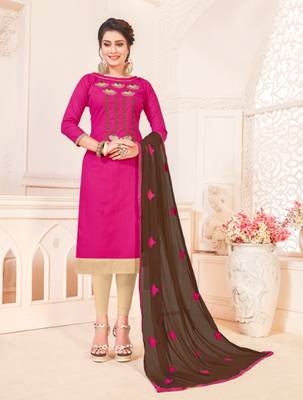 Magenta embroidered cotton poly salwar 1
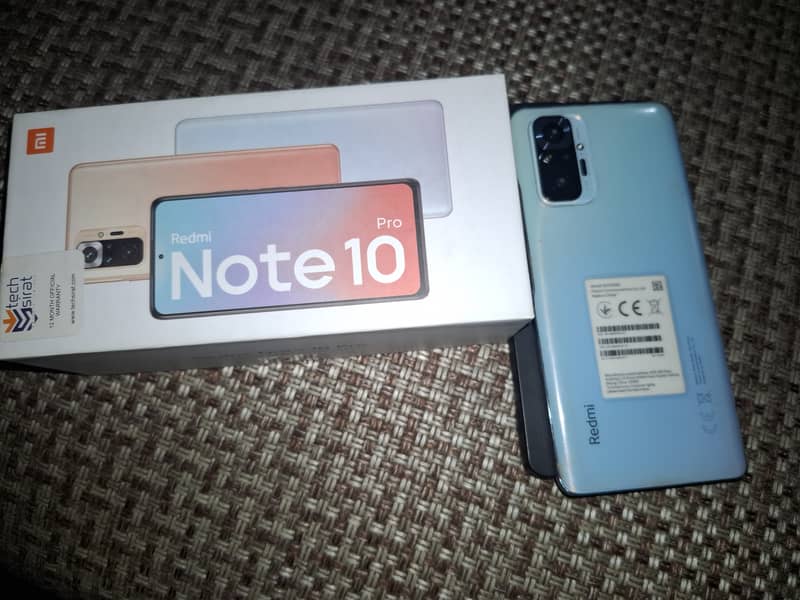 Redmi Note 10 Pro Glacier Blue brand new condition complete Box 1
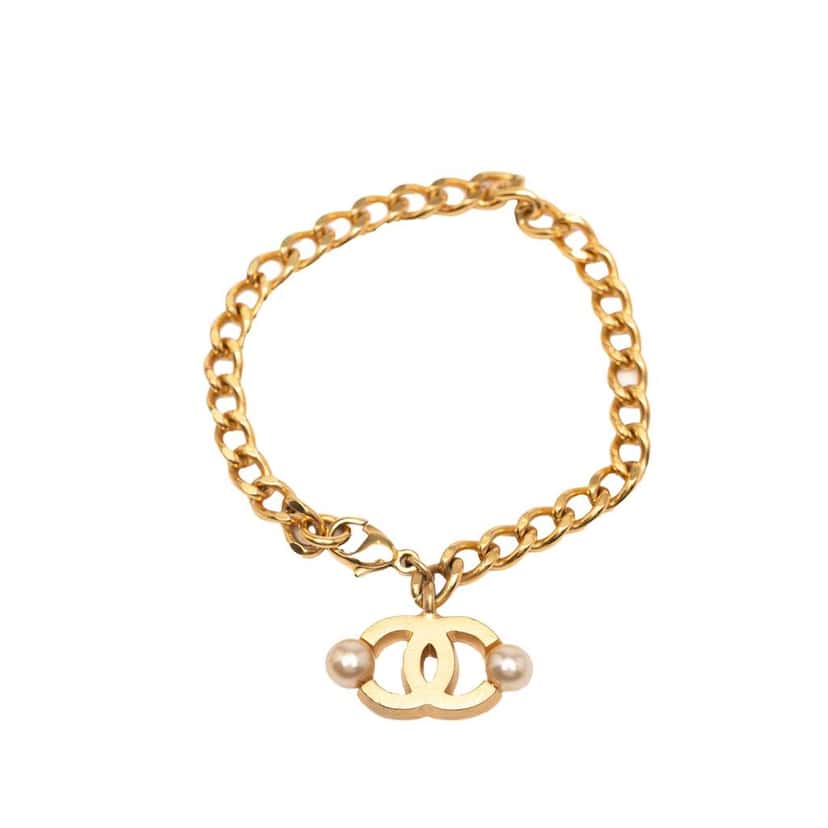 Chanel Gold Plated Faux Pearl CC Chain Bracelet Gold Metal Good condition - Front View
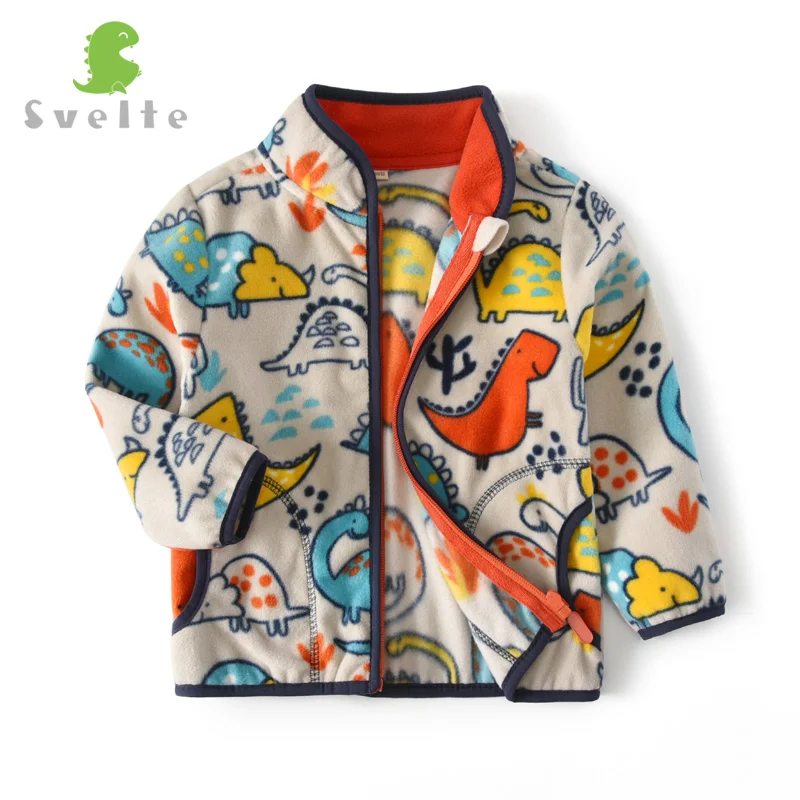 

SVELTE for 2-14 Yrs Boys Fleece Jackets Fashion Printed Patterns Coats Fall Winter Outerwear Spring Cardigan Jackets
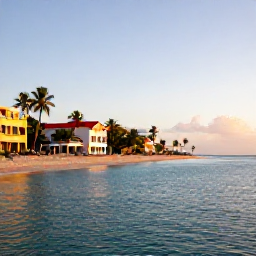 Caribbean Holidays, Puerto Rico Tours, Warm Caribbean coastline in Puerto Rico at sunrise, with colourful buildings, palm trees and calm turquoise water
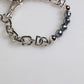 Dolce & Gabbana Silver Tone Chain Lobster Clasp Logo Gray Pearls Bracelet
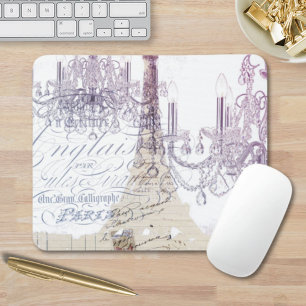 Beige französische Skripte Kronleuchter Paris eiff Mousepad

━━━

**INSTRUCTIONS TO FOLLOW:**
Output only the lines above from the line that holds "Chanel Gold Plated" through the line that holds "Dolce & Gabbana", both ends included, and exclude pictures.

**TASK SOLUTION:**
 Chanel Gold Plated Faux Pearl CC Chain Bracelet Gold Metal Good condition - Front View

SVELTE for 2-14 Yrs Boys Fleece Jackets Fashion Printed Patterns Coats Fall Winter Outerwear Spring Cardigan Jackets
 Caribbean Holidays, Puerto Rico Tours, Warm Caribbean coastline in Puerto Rico at sunrise, with colourful buildings, palm trees and calm turquoise water
 Dolce & Gabbana Silver Tone Chain Lobster Clasp Logo Gray Pearls Bracelet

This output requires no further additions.